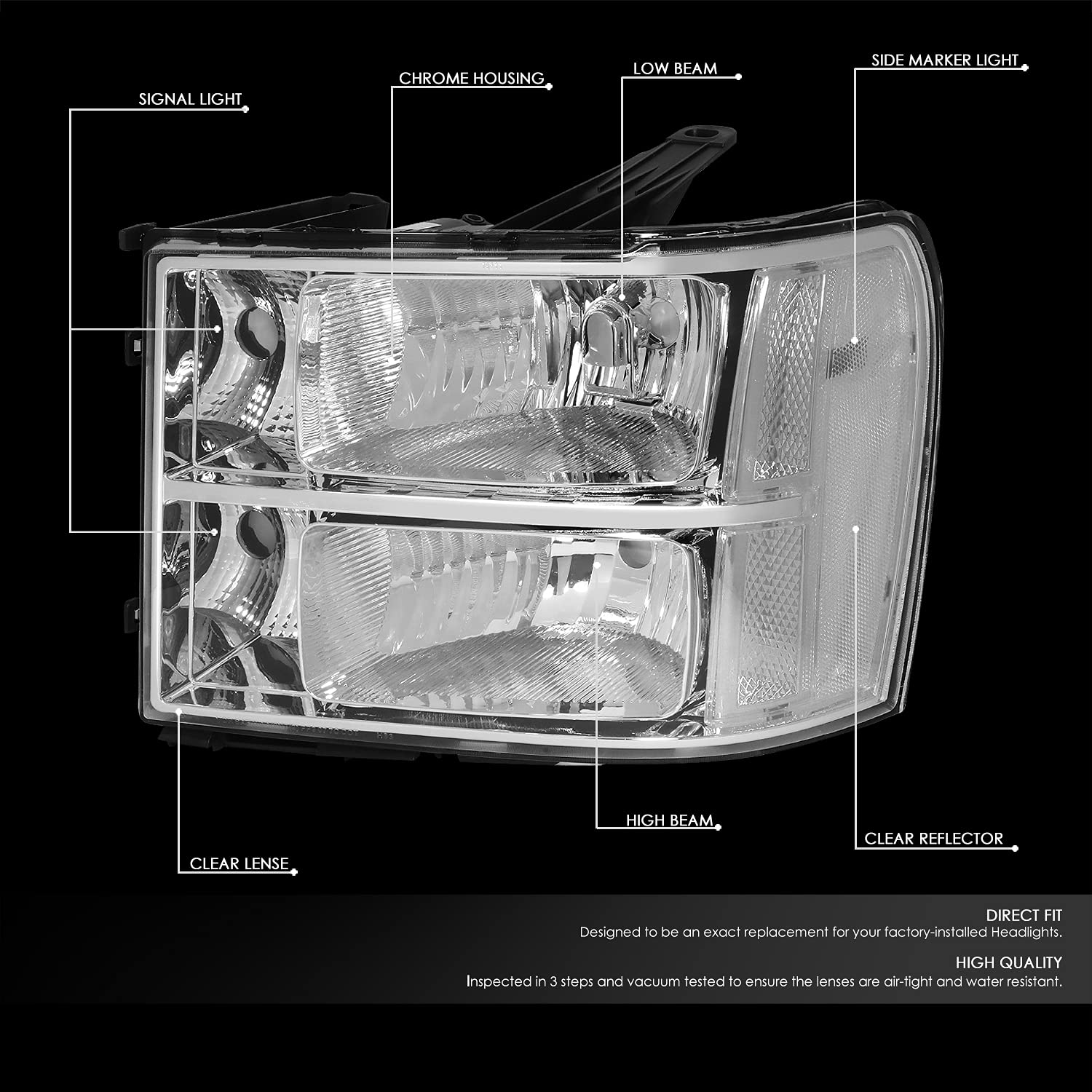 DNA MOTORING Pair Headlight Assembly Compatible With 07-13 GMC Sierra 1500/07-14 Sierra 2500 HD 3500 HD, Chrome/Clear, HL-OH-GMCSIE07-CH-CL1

==

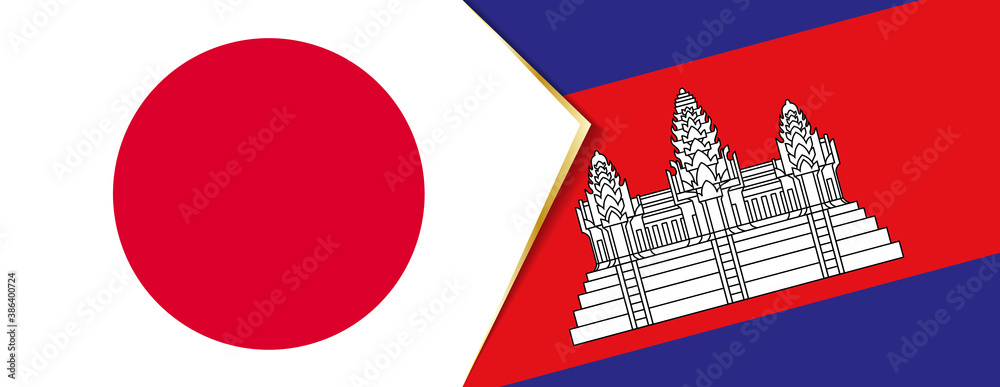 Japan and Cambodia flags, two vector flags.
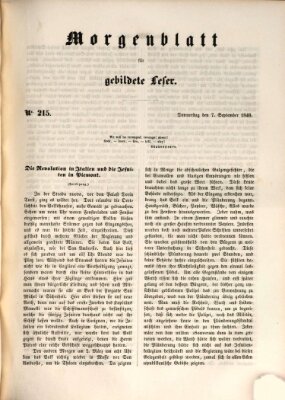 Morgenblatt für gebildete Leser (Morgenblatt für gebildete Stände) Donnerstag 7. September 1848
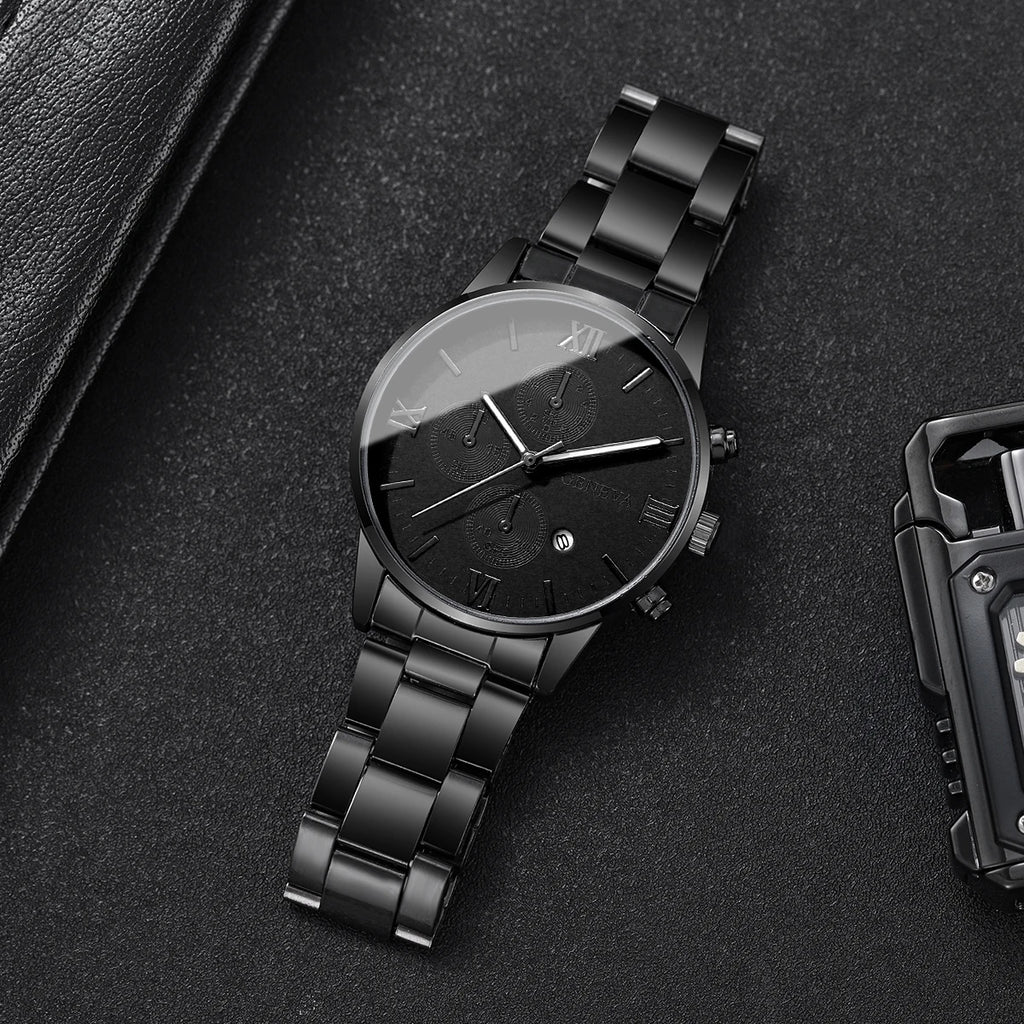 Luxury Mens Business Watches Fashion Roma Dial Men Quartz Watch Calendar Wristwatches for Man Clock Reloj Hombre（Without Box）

▶ _Required action_: Exactly as written above, retype the lines starting at the one holding "Japan and Cambodia flags, two vector flags." and ending at the one holding "Luxury Mens Business", both included, but not the pictures.

▶ _Result of this exercise_:
 Japan and Cambodia flags, two vector flags.
 Morgenblatt für gebildete Leser (Morgenblatt für gebildete Stände) Donnerstag 7. September 1848
 Luxury Mens Business Watches Fashion Roma Dial Men Quartz Watch Calendar Wristwatches for Man Clock Reloj Hombre（Without Box）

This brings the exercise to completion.